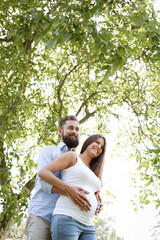 Fototapeta premium pretty young pregnant woman with white shirt stands with her boyfriend with beard and blue shirt in high flower meadow and cuddle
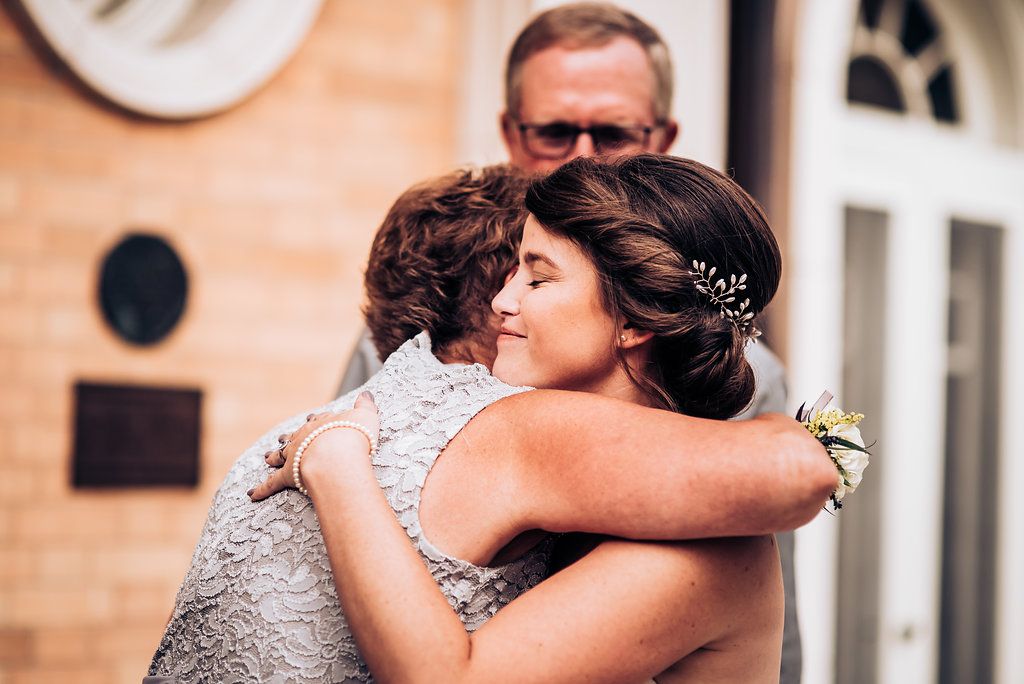 Two people share an emotional embrace at an elegant venue with a light-colored stone facade.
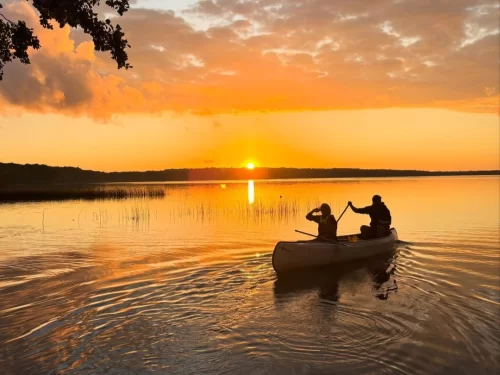 Canoeing couple paddling a canoe on calm lake waters during golden sunset with scenic sky reflections and peaceful surroundings.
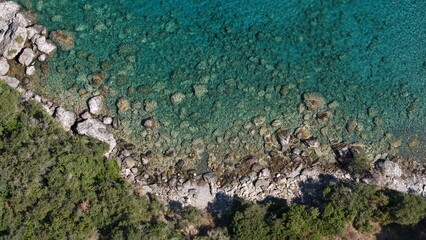 Aerial View of Secluded Beach Cove with Turquoise Waters in Mani Peninsula, Peloponnese, Greece, Delfinia beach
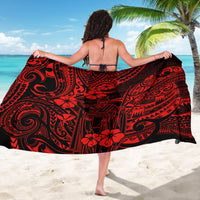 Red and black Polynesian sarong with bold tribal swirls and flower motifs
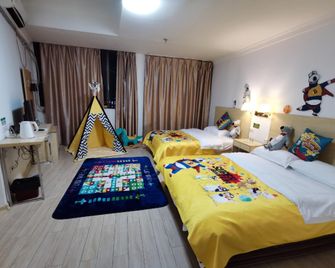 Golden Holiday Hotel (Wuzhou Qilou City Branch) - Wuzhou - Bedroom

--- Exercise directions ---
Output all of the data exactly as it stands, minus any images.

--- Result for this exercise ---
 Fototapeta premium pretty young pregnant woman with white shirt stands with her boyfriend with beard and blue shirt in high flower meadow and cuddle
 Two people share an emotional embrace at an elegant venue with a light-colored stone facade.
 Canoeing couple paddling a canoe on calm lake waters during golden sunset with scenic sky reflections and peaceful surroundings.
 Aerial View of Secluded Beach Cove with Turquoise Waters in Mani Peninsula, Peloponnese, Greece, Delfinia beach
 Red and black Polynesian sarong with bold tribal swirls and flower motifs
 Golden Holiday Hotel (Wuzhou Qilou City Branch) - Wuzhou - Bedroom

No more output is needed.